Publication year - 2014
Publication title -
clinical endocrinology
Language(s) - English
Resource type - Journals
SCImago Journal Rank - 1.055
H-Index - 147
eISSN - 1365-2265
pISSN - 0300-0664
DOI - 10.1111/cen.12316
Subject(s) - hydrocortisone , bioavailability , cmax , endocrinology , medicine , dexamethasone , absorption (acoustics) , pharmacology , pharmacokinetics , glucocorticoid , chemistry , physics , acoustics
Summary Objective It is not possible with current hydrocortisone replacement to mimic the diurnal cortisol profile in patients with adrenal insufficiency. Previous attempts with modified‐release technology were unsuccessful. Our objective was to develop hydrocortisone formulations that recreate the diurnal cortisol profile using multiparticulate technology. Design and Measurements Screening by in vitro dissolution profiles, pharmacokinetic (PK) testing in dexamethasone‐suppressed dogs and humans, and comparison with a reference population.
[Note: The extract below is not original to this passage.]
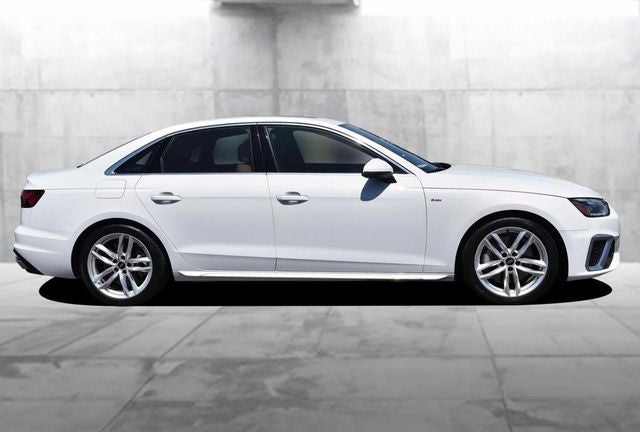 2023 Audi A4 Sedan S line Premium Plus 45 TFSI quattro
Setting Field laboratories and clinical research facility. Results Formulations were generated using an enteric (delayed release) design configuration with an extended (sustained release) dissolution profile. In vitro dissolution confirmed delayed and sustained hydrocortisone release. However, in dogs and humans, sustained release resulted in reduced bioavailability. A formulation, DIURF ‐006, was developed that maintained delayed release but omitted the sustained‐release functionality. PK characterization of DIURF ‐006 showed that, despite absence of a sustained‐release component, absorption was sufficiently sustained to deliver extended hydrocortisone absorption. In dexamethasone‐suppressed volunteers ( n  = 16) receiving a twice‐daily ‘toothbrush’ regimen (20 mg at 23:00 h and 10 mg at 07:00 h), DIURF ‐006 gave a similar cortisol profile to physiological cortisol levels: DIURF ‐006 vs physiological, Geomean AUC 5610 vs 4706 h * nmol/l, Geomean C max 665 vs 594 nmol/l and Median T max 8·5 h vs clock time 08:12 h for peak cortisol. The relative bioavailability of DIURF ‐006 vs hydrocortisone was 89%, and cortisol levels increased linearly with doses between 5 and 30 mg. Conclusion A multiparticulate oral hydrocortisone formulation with only an enteric coat provides delayed and sustained absorption and when given in a ‘toothbrush’ regimen provides physiological cortisol exposure.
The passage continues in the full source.